Lameroo Baths were the second ocean baths built in Darwin. The first, built near Fort Hill in 1880, were damaged in a cyclone. The growing popularity of swimming at Lameroo Beach made it an obvious choice for the construction of new baths in central Darwin. It was described at times as a "miniature Manly". According to the Northern Standard; "...that the Town Council were wise in their decision to build the baths on Lameroo Beach is becoming more evident every day particularly on Sundays when the population of Darwin are to be found on the beach."

The Lameroo Baths were officially opened on 14 May 1922 by Mayor, J. F. Burton. The opening was held on a Saturday afternoon in the "presence of a good number of spectators". The baths cost £2,000 to construct.
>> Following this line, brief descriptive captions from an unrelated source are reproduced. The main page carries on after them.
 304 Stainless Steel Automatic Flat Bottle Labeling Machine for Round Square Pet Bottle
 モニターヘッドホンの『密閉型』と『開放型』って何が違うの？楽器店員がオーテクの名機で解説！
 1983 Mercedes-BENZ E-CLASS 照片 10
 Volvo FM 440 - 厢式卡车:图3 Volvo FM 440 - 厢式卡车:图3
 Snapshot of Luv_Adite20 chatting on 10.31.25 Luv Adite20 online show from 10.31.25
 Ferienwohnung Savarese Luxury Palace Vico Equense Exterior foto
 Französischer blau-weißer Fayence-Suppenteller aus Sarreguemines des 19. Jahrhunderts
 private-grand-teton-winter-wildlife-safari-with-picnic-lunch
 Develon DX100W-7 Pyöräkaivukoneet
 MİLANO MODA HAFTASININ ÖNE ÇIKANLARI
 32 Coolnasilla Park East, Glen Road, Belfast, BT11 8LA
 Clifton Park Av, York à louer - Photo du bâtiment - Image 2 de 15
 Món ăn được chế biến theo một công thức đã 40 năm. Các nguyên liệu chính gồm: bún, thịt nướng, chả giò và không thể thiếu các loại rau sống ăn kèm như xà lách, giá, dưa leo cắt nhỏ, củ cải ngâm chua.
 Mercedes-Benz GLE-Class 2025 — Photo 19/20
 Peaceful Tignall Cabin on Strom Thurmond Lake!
This was considered an enormously costly venture for the time. It was the only swimming pool in Darwin during the early to mid 1900s, as there were no private swimming pools in Darwin until 1955.

Regular swimming carnivals were held at Lameroo Baths, many of which were organised by the Darwin Amateur Swimming Club. A long-time Darwin resident recalled that the Lameroo Baths were surrounded by "a cement wall, topped by palings and with the bathing sheds at the end"

There were numerous shark and crocodile sightings at the beach, but that didn't curb its popularity as a swimming spot.

There were a number of drownings at Lameroo Beach, including Nicholas Callas in 1928, and Joseph Byrne from the North Australian Workers Union in 1950.

By the 1950s, the baths were badly neglected. The Darwin City Council had instead planned for the construction of new swimming pool. They were eventually completely destroyed during Cyclone Tracy in 1974.

==Lameroo Hippies==

Lameroo Beach became a popular location for hippies. In 1966 the East Point Trustees removed illegal campers from East Point Reserve. A number of these campers moved to Lameroo Beach.

Between 1969 and 1974 the number of people camping on Lameroo Beach grew to as high as 400 people. The campers were depicted in the media as a nuisance:

The presence of the hippies has been a constant irritation to Darwin residents. Many hippies have been convicted of shoplifting, vacancy, possession of marihuana and pep pills and indecent exposure – nude swimming.

By 1974, Darwin City Council were prosecuting campers that chose to stay on the Beach as trespassers. In February 1974 about 20 campers were forced from the beach by police and 13 tree houses were burned by council inspectors. Many of the campers dispersed to sites further along the foreshore, with some later returning to Lameroo Beach. It was one of the early television stories broadcast from Darwin.

The camp was destroyed during Cyclone Tracy in 1974. Campers returned to Lameroo Beach after the cyclone. As part of the reconstruction plans, Darwin City Council passed legislation making it illegal to camp on the Darwin foreshores, including Lameroo Beach citing the possibility of storm surge.